When these water vapours cool down sufficiently, they turn into the liquid state again. The procedure of converting from a gaseous form into liquid is called condensation.

### 3. Precipitation

Precipitation takes place when water vapours condense to turn into tiny water drops, which falls from the sky in the form of rain, sleet, snow, or hail.

### 4. Collection

The water falling from the sky due to precipitation gathers in different water bodies like oceans, seas, rivers, lakes and so on. The water then evaporates again and the cycle continues.

The water cycle for kids is an important topic that is taught to them in grades 3 – 4 onwards. The steps of this natural phenomenon are taught to them with the help of a water cycle diagram for kids.

## Activities to Teach About Water Cycle for Kids

To make it easy for kids to understand the concept of the water cycle, you can use the following activities:

### 1. Create Your Own Water Cycle

Fill a large bowl quarterly with water and place it outside in the sun. Put an empty cup into the bowl and cover the bowl with plastic wrap. Tie a string or place a rubber band around the plastic wrap to secure it, and have your child watch the water cycle unfold.

### 2. Cloud in a Bottle

Add warm water to a 2 litre water bottle until it’s about a third of the way full. Put the cap on back on the bottle and squeeze and let go of the bottle. Ask your child to record what happens. Now, remove the cap. Light a matchstick, and after blowing it out, place it into the bottle while it’s still warm. Put the cap back on and then squeeze the bottle again and let go of it. You will see a cloud forming inside the bottle, demonstrating condensation and cloud formation.

## Other Interesting Facts About the Water Cycle

Some interesting facts about the water cycle for kids are as follows:

• Plants also contribute to the process of evaporation by way of transpiration. Plants may release some water on to their leaves which gets evaporated owing to the Sun’s heat.
• The combination of transpiration and evaporation is called evapotranspiration.
• Sometimes water may convert directly into a gaseous state like water vapours from snow or ice without first melting into liquid. This process is called sublimation.
• Evaporation affects only the water’s surface.
• Hot water tends to evaporate faster than cold water.
• Water trapped in ice caps and glaciers is the purest form of water available on the Earth.
• Some of the groundwater may sooner or later makes its way to the oceans gathering salts and minerals during the journey thereby making the ocean water salty.
• Global warming has impacted the water cycle causing wet places to become wetter and dry places drier.
• About 97% of Earth’s water is salt water. So, 3% of the water on Earth is freshwater out of which 2% exists in the form of icecaps and glaciers. Thus only 1% of the Earth’s water is available for the living beings.
• The process of the water cycle is reversible which means liquid changes to vapours and the vapours condense to form liquid again.
• The water cycle is like a loop with no starting point nor an end.

## FAQs

### 1. Which Part Plays An Important Role in the Water Cycle?

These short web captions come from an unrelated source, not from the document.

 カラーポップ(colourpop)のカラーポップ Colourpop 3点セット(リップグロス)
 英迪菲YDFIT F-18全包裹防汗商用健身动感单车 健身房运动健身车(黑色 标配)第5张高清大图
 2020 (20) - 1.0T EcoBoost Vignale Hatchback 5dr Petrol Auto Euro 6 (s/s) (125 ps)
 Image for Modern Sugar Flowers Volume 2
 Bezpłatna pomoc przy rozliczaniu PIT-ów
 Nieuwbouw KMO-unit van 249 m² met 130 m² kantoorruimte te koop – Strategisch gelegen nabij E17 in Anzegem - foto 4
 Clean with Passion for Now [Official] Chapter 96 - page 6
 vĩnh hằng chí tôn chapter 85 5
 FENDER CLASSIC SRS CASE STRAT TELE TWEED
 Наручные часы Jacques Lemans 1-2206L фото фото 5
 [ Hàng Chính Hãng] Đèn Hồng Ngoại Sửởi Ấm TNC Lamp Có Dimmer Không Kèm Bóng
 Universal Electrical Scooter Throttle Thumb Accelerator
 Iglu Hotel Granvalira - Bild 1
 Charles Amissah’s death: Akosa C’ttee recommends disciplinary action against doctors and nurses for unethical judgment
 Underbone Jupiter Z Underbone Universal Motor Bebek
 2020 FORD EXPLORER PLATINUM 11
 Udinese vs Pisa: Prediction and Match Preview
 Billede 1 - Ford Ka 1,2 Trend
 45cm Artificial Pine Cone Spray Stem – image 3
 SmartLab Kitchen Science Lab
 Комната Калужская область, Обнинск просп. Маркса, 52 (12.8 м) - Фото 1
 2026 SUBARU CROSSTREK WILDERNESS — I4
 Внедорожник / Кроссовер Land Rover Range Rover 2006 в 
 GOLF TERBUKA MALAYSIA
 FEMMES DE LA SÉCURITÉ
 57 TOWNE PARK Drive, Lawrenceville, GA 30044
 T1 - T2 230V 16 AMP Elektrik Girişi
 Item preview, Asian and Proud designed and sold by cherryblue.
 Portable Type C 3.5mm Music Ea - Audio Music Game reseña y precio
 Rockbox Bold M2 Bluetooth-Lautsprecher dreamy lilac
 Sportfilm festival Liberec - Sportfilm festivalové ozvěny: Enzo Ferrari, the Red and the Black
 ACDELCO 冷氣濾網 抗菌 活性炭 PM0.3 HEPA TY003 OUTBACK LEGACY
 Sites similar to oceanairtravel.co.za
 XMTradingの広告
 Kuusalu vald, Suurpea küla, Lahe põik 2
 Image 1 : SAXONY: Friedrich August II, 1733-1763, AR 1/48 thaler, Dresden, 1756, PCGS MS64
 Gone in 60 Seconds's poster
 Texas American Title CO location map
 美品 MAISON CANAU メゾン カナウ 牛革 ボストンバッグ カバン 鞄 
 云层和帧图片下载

Oceans are a vital part of the water cycle. The oceans host 97% of the water, and nearly 78% of precipitation occurs on the surface of the oceans. But the other parts of the water cycle are as important as oceans, as each phase of the water cycle is dependent on the other.

### 2. How Can We Protect Our Water Cycle?

It is important to protect the water cycle as water is a limited resource. Therefore, we must prevent water pollution by reducing the contaminants entering the water bodies as much as possible. We should also use water carefully and reduce water wastage.

Teaching the process of the water cycle to kids is important to make them understand the different environmental phenomenon. It may also make them realise the importance of saving water.